Yumruk yumruğa derken geçen gün gazetelerin manşetlerine bir haber düştü. Ordu Milletvekili Ergun Taşçı, daha önce makamında yumrukladığı OBB Bld. Bşk. Hilmi Güler’in Özel Kalem Müdürüyle bir açılış sırasında tekrar yumrukladı. Sen koca milletvekilisin sana el kaldırmaktan çekinen bir memurla neden böyle bir işe girişirsin.? Herhalde oda geçmişte Aybastı’daki bir Festivalde binlerce kişinin gözü önünde bir müdüre yumruk atmaya kalkışan Enver Yılmaz’ı örnek aldı
Birde yine Ordu Milletvekili var Metin Gündoğdu. O da sosyal medyada atmış olduğu twitin altına Hasittir diye not düşen Halit Dervişoğlu’nu Ankara’da savcılığa şikayet etmiş. Savcılıkta ifadesini aldırmış. Metin bey akıllılık etmiş Halit’e tokat atmaya kalksaydı inanın misliyle geri dönüş alırdı.
Yıllar önce Antalya Serik’te bir vatandaş başbakan Süleyman Demirel’e galiz bir şekilde küfür edince tutuklanır ve Demirel’e haber verince, Demirel hemen Hukukçu vekil Yaşar Topçu’u çağırır. Biz adamın nasıl canını yaktık ki adam bize galiz küfür etti. Hemen oraya git o adamı mahkemede tahliye ettir diye görevlendirir.

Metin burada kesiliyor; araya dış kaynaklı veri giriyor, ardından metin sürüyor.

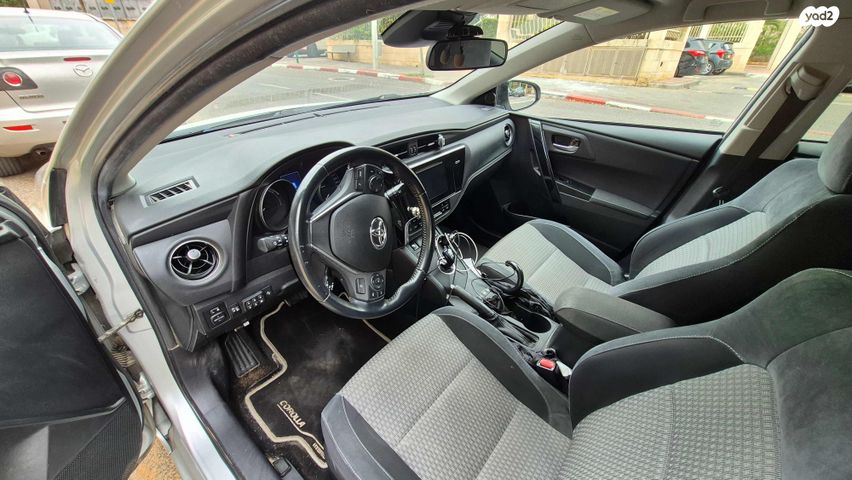 טויוטה אוריס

Yaşar Topçu oraya gider ve mahkeme heyetine davacı olmadıklarını söyler. Adam tahliye olur. Böyle bir örneğin olduğu Türkiye’de şimdiki siyasiler neler yapıyorlar.
BİRDE CAMİ MESELESİ VAR
Bu pandemi meselesinden camilerde nasibini aldı. Türkiye genelinde zaman zaman Cuma’ya bile kapatılan camilerde insanlar öyle korkutulduk ki camiye gidemez oldular. Camiye gidiş yasağı kaldırıldı ama insanları yüreğindeki pandemi korkusu kalkmadı ve eskiden her vakitte 3 saf olan bizim mahalle camimizdeki cemaat 3 kişiye kadar düştü. (İmam müezzin ve ben)

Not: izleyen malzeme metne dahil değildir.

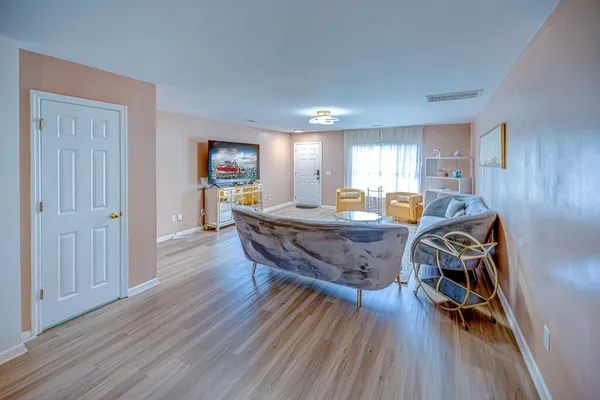 $3,000 | 1100 Deerberry Road, Hanahan, SC 29445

Pandeminin camiler üzerindeki baskısı devam ederken birdenbire,Ayasofya Kilisesi binlerce insanın katılımı ile İbadete açıldı. Neyse ben insanlara Pandemiye karşı moral veriliyor şeklinde düşünürken birde baktım, Diyanet işleri başkanı elinde kılıçla Hutbeye çıktı. Bu benim gibi düşünen insanların kafasında soru işareti yarattı.Peki bu neydi?Bu uygulama Hz Ömer zamanında Fethedilen bölgenin en büyük (Cami olması önemli değil)İbadethanesi uygun hale getirilip ilk Cuma hutbesi imama elindeki kılıçla okutulurmuş.Bunun dini yükümlülüğü yoktur, bu bir ritüeldir.

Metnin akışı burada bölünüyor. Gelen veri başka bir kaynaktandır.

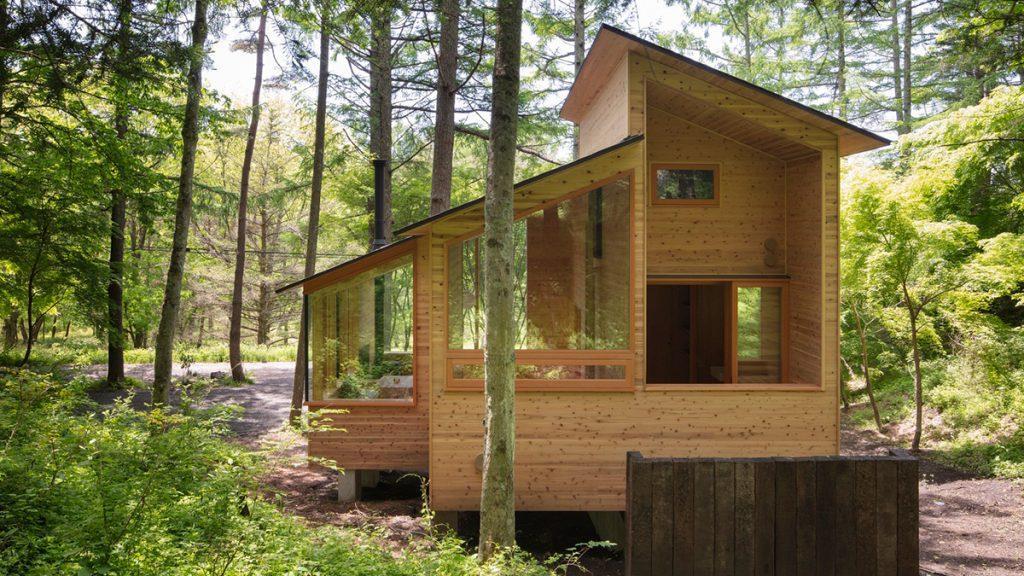 Hütte im Wald, Rückansicht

Fatih Sultan Mehmet İstanbulu fethettikten üç gün sonra ilk Cuma günü İstanbul’un manevi fatihi ve Hocası Akşemsettin’e Kılıçla ilk hutbeyi kendi adına okutmuştur. İstanbul’u Fatih fethettiği için kılıçla hutbe onun hakkıydı. Diyanet işleri başkanının bu ritüeli 1500 yıl sonra böyle bir uygulamaya hakkı var mıydı.? Bu insanların kafalarında bir soru işareti olarak kaldı.Bu olay konuşulurken oraya bir baş imam tayin edildi oda orada öyle laflar etti ki onun lafları kılıçtan keskindi. Onu geçtik Ayasofya’ya bir etkinlik için gelen bir emekli vaiz hiç gereği yokken okuduğu bir Ayet üzerinden Atatürk’e ve arkadaşlarına hakaretler yağdırdı. Sonrada ben öyle söylemek istemedim ayet okudum diye savunma yaptı. Peki bunlara gerek var mıydı? Pandemi günlerinde bu yaşanan bu olaylar birilerine mesaj verdi ama ,Türk halkını çok üzdü.
Sonuç: Bu Pandemi (Kovit 19) binlerce insanın hayatına son verirken sosyal hayatta da nelere sebep olduğunu yazmaya çalıştım .Mikrobiyoloji uzmanları Kovit 19 dan sonra Kovit 26 ve Kovit 32 bulaşıcı virüsünün yayılacağını bununda Kovit 19 dan daha çok şiddetli olacağını söylüyorlar.Eğer bu tahmin doğru çıkarsa daha neler olacağını tahmin etmek pek zor olmasa gerek. Bilmem bana katılır mısınız?